Dang. I would love to see Hillsong in concert. Or Jesus Culture. Dang I wish I could give you Jesus Culture's Come Away album. So good. Hopefully I get to see Chris Tomlin on the 10th of September.
I do also want to apologize for not having the power to say no too. As a man, I should be able to lead, especially when it came to decisions like that. I should not have given in. Our convictions became so stagnant, and we would always think its the last time. So yes, I do apologize.
Tonight I didn't know what to do. I wanted to talk to you. But I didn't. I don't think I can talk to you for a while, especially at these kind of events where Pastor Steve and Auntie Bella are there, haha. Even Pastor Caleb. But they gave me a good talk, just looking out for me. They know I'm a leader in my church and want my heart to be set right before I serve God again. They want me to come into repentance. So at the end of Pastor's talk to me, I asked him to pray for me. It was cool because I don't really know him too well, yet they were looking out for me. Showing compassion. Which was cool. It was a bit weird cause I don't know them too well. Oh well.

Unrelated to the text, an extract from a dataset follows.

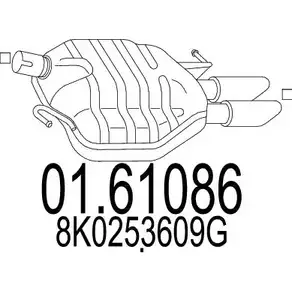 Задний глушитель MTS 7FTIJRJ 01.61086 1698517 O HEYU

I asked Nick to pray for me. It was funny, I was going to go up to Nick, but you immediately went to Imari. So it'd be awkward if we both went up at the same time. So I just came to him later. It's cool seeing how much he's grown. Praise God. I was honest with him and told him what I've strugged with, and how I'm trying to repent from it and have God take my life into a different direction. His prayer was powerful.

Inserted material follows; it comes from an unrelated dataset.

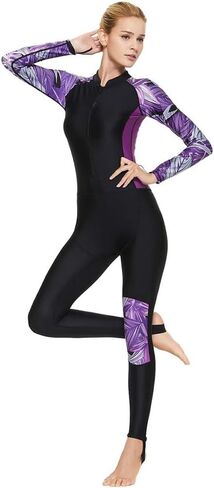 ملابس سباحة للسيدات من Rash Guard مضادة للأشعة فوق البنفسجية، قطعة واحدة بأكمام طويلة وسحاب أمامي in Kuwait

I'm pretty happy. God has been good. Even though I still find myself irritated by my parents easily because they are always mad at me once they see me and tell me not to screw up my life everyday. They pretty much shove academics down my throat.

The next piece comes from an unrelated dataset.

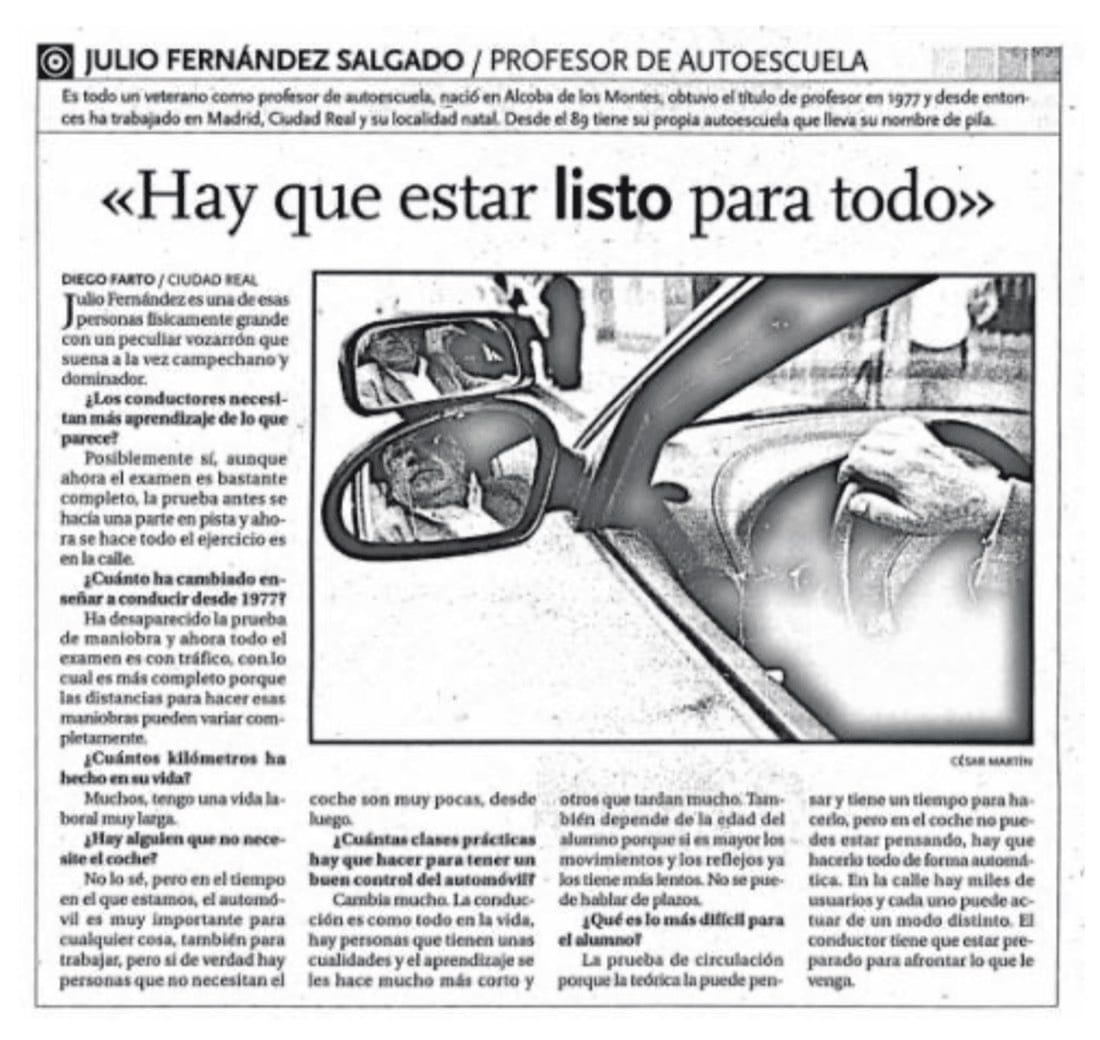Recorte de prensa: entrevista a Julio Fernández Salgado, fundador de Autoescuela Julio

Have fun in school. Do well, and just be loving towards everyone.
I'm actually fine at letting go of this. I do miss you. But God has given me such a great support of believers, that they'll be here for me when I'm going through tough times. I'm happy that I have people to keep me accountable and encourage me.
But I'm pretty sure we'll be able to talk again one day. Yeah. God-willing. Sorry my blogs aren't that long. I don't like making things extravagant. I like it when you do though. Thanks for your blogs.
Good luck with school, take care Jenni.